**Exercise prompt**.
All of the records below should be retyped exactly, with no pictures included.

Scraped caption text data:
****************

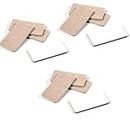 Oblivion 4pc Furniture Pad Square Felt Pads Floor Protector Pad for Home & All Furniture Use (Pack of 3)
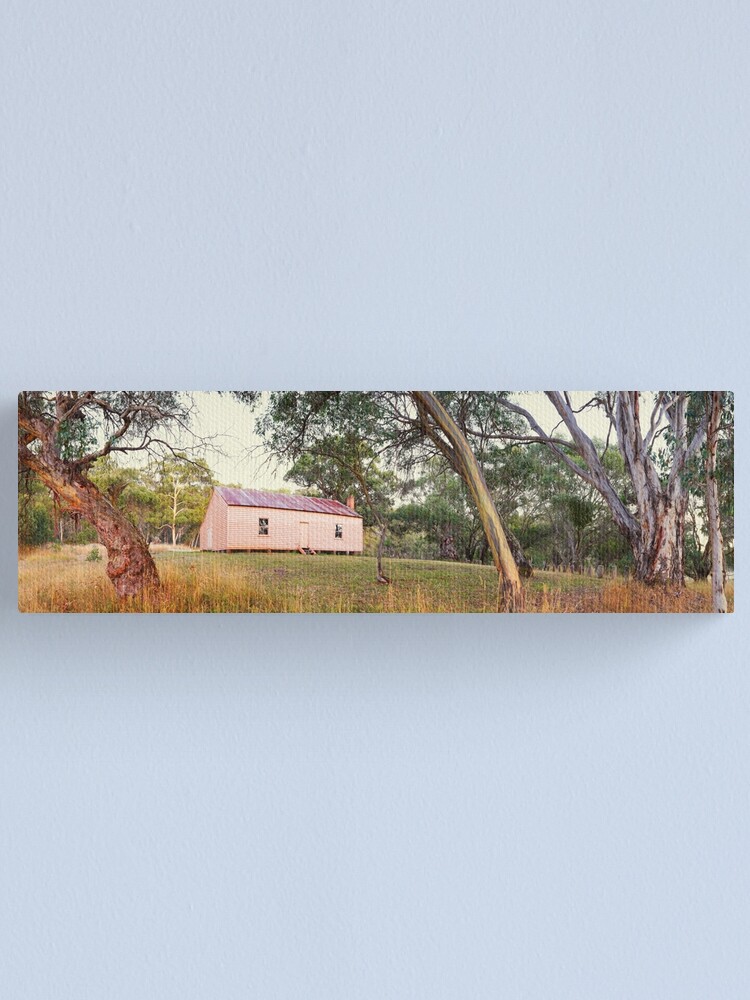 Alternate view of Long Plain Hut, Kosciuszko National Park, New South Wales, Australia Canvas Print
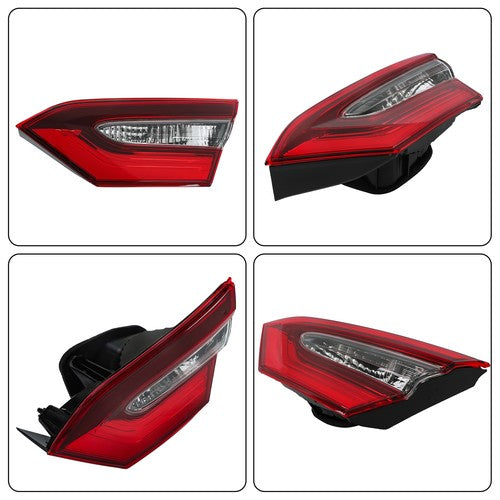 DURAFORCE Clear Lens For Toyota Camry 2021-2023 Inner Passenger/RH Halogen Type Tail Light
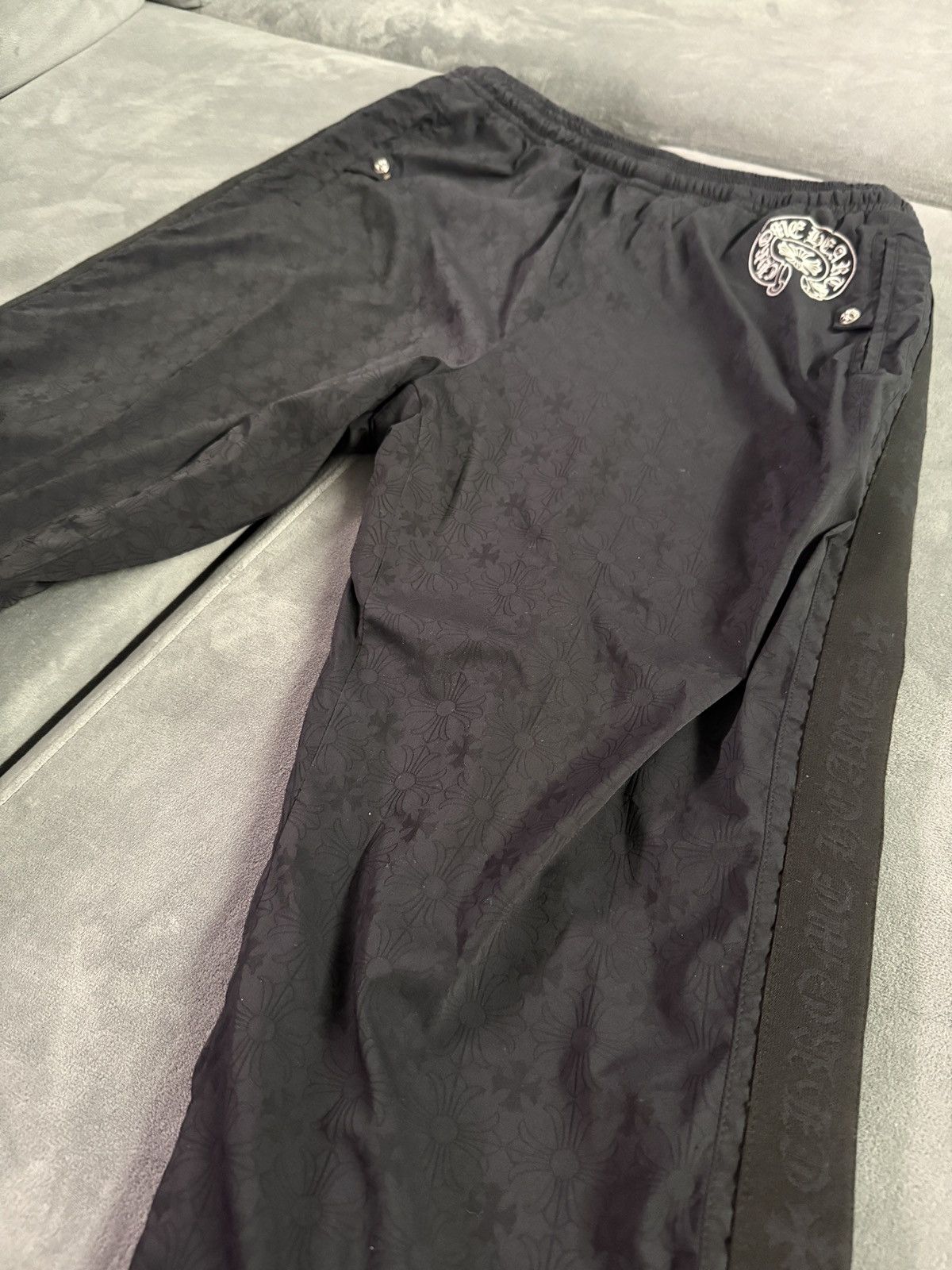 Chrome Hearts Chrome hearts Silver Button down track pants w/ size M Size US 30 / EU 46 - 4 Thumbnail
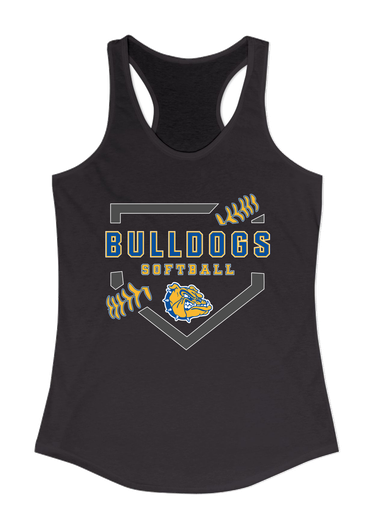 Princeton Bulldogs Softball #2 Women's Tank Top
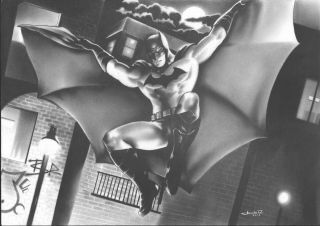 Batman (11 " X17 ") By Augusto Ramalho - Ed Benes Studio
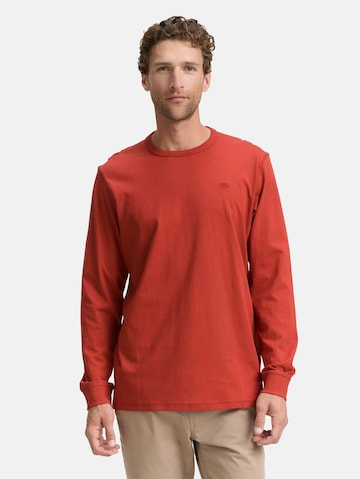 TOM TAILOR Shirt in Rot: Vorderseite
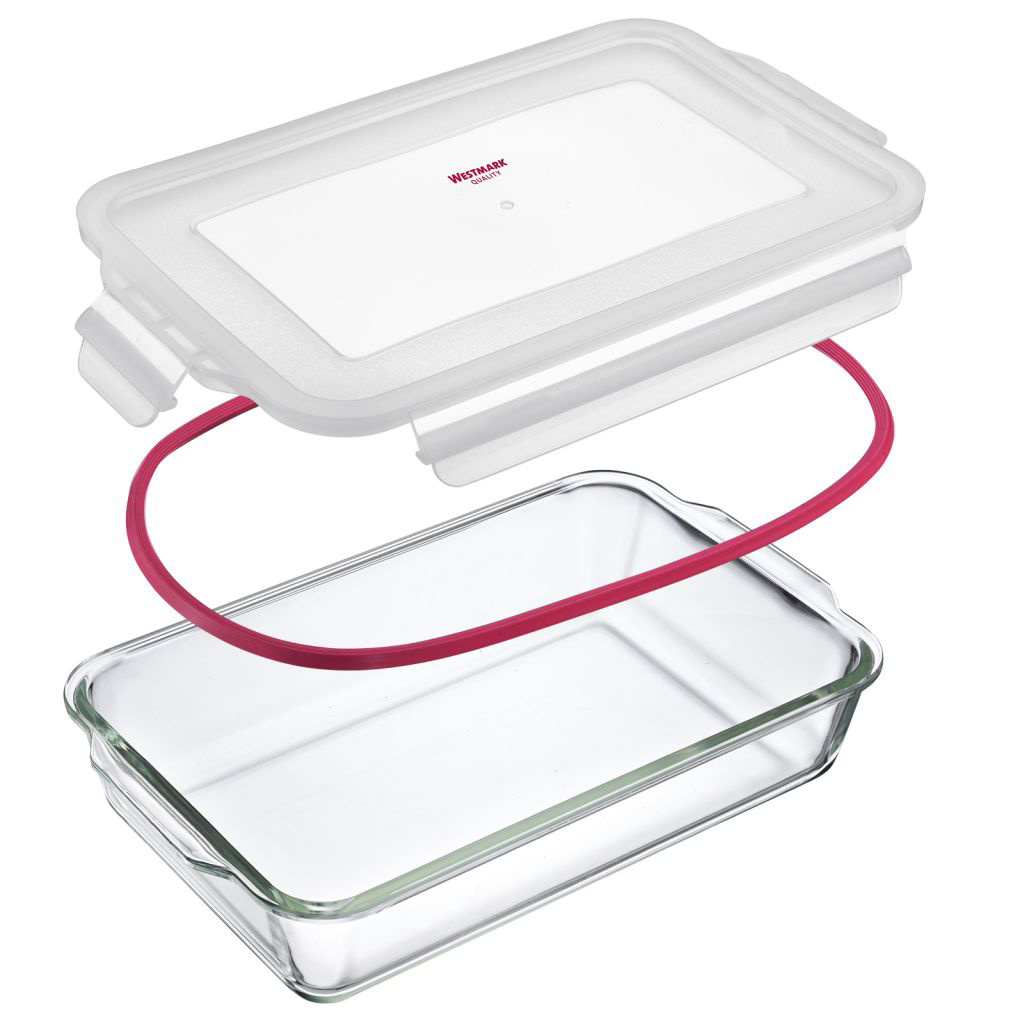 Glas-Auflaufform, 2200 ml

****************

**Answer to this problem**.
 Oblivion 4pc Furniture Pad Square Felt Pads Floor Protector Pad for Home & All Furniture Use (Pack of 3)
 Alternate view of Long Plain Hut, Kosciuszko National Park, New South Wales, Australia Canvas Print
 DURAFORCE Clear Lens For Toyota Camry 2021-2023 Inner Passenger/RH Halogen Type Tail Light
 Chrome Hearts Chrome hearts Silver Button down track pants w/ size M Size US 30 / EU 46 - 4 Thumbnail
 Princeton Bulldogs Softball #2 Women's Tank Top
 Batman (11 " X17 ") By Augusto Ramalho - Ed Benes Studio
 TOM TAILOR Shirt in Rot: Vorderseite
 Glas-Auflaufform, 2200 ml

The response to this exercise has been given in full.